Rozgrywka opiera się na wciskaniu w odpowiednim czasie jednego lub kilku przycisków (z gry zostały wyłączone dwa przyciski: kwadrat oraz lewa strzałka). Kolor nutki determinuje naszą akcję. Żółte wskazują na krótkie wciśnięcie nutki, zielone na jej (lub ich) przytrzymanie, a różowe na jednoczesne wciśnięcie pary przycisków. Dodatkowo od czasu do czasu pojawiają się duże okręgi, które aktywujemy za pomocą drążków analogowych. Są to scratche. Niektóre z nich są tęczowe i posiadają napis FEVER. Ich aktywacja zwiększa mnożnik punktów. W przeciwieństwie do nutek, ominięcie scratcha nie łamie nam kombinacji. Jak widać, rozgrywka jest banalna i nie wnosi nic specjalnie nowego do gatunku. Nie zmienia to faktu, że gra się po prostu przyjemnie. Jeżeli wystarczająco dobrze będziemy sobie radzić w utworze to może się włączyć tryb FEVER, gdzie do naszego bohatera dołączy jeszcze jedna osoba i będą przez chwilę tańczyć w duecie. Na co dzień nie mam styczności z taki grami ale Dancing All Night nieustannie przyciąga mnie przed ekran konsolki.

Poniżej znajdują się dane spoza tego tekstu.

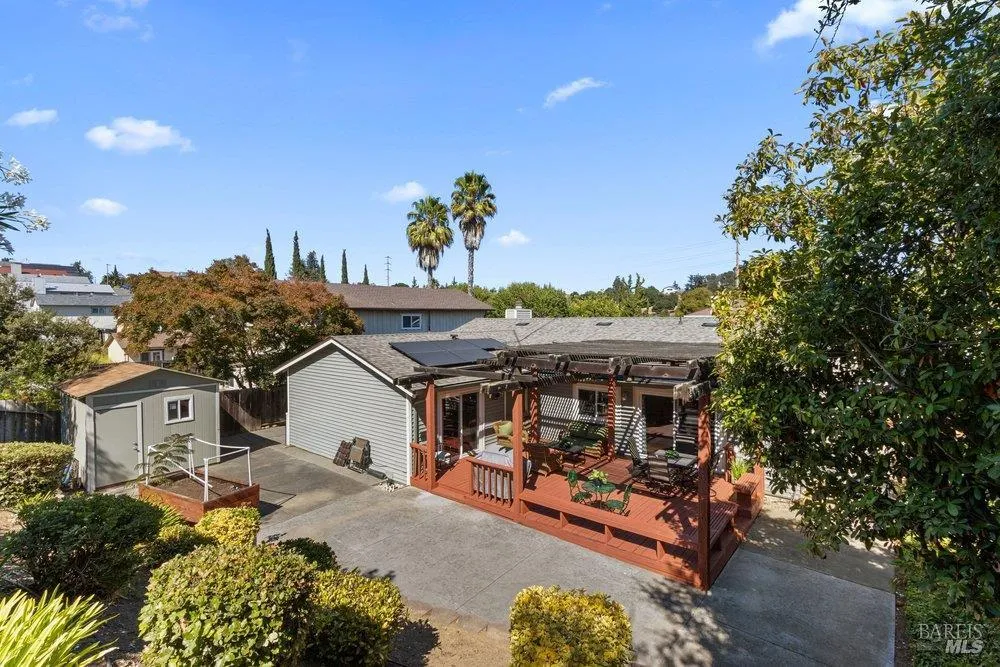 161 Clayton Court Vallejo, CA 94591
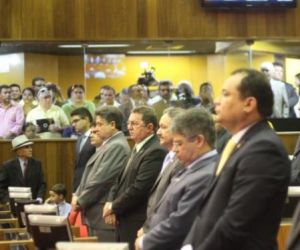Três deputados oficializam afastamento da Assembleia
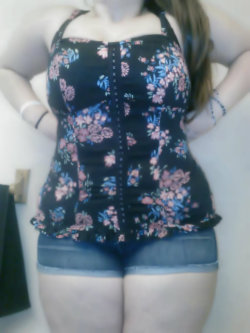 loveee-biteesx3:  For you anons who think my butt is fakee, and keep blowing up my ask box with it. do i edit my thighs too ?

Otoczka wizualna, choć przyjemna dla oka, to nieraz mnogość świateł i przeróżnych efektów utrudnia dostrzeżenie nutek. Po pewnym czasie moje oko przyzwyczaiło się do tego wizualnego harmidru i coraz lepiej wychodziły mi kolejne utwory. Szczerze wolałbym jednak trochę bardziej stonowaną scenerię i płynniejsze ruchy kamery.
W głównym menu widnieje jeszcze jedna pozycja, a mianowicie Shopping. Nasi bohaterowie w sklepie mogą nabyć nowe ciuszki oraz akcesoria. O ile sam ubiór nie wpływa na rozgrywkę o tyle zakupione książki i akcesoria mogą wpływać na stopień trudności odgrywanego utworu.
Dla growych purystów mam złą wiadomość. Nie wszyscy aktorzy użyczający swoje głosy w Personie 4 Golden pojawili się w Dancing All Night. Pochwalam, jak nowi aktorzy dają z siebie wszystko, aby przypominać swoich prekursorów.
Persona 4: Dancing All Night jest solidną produkcją rytmiczną, która nie tylko lansuje się na popularnej marce. Ze względu na użyte piosenki nie mogę gry polecić każdemu. Repertuar może odrzucić fanów takich gier jak DJ Max czy Hatsune Miku. Trudno też polecić grę fanom Persony 4, ponieważ to całkiem odmienne gatunki i niekoniecznie ktoś kto bawił się dobrze w jRPGu odnajdzie się w grze rytmicznej. Jeśli nie jesteś do końca zdecydowany, czy dać szansę tej produkcji, to gorąco polecam zaryzykować.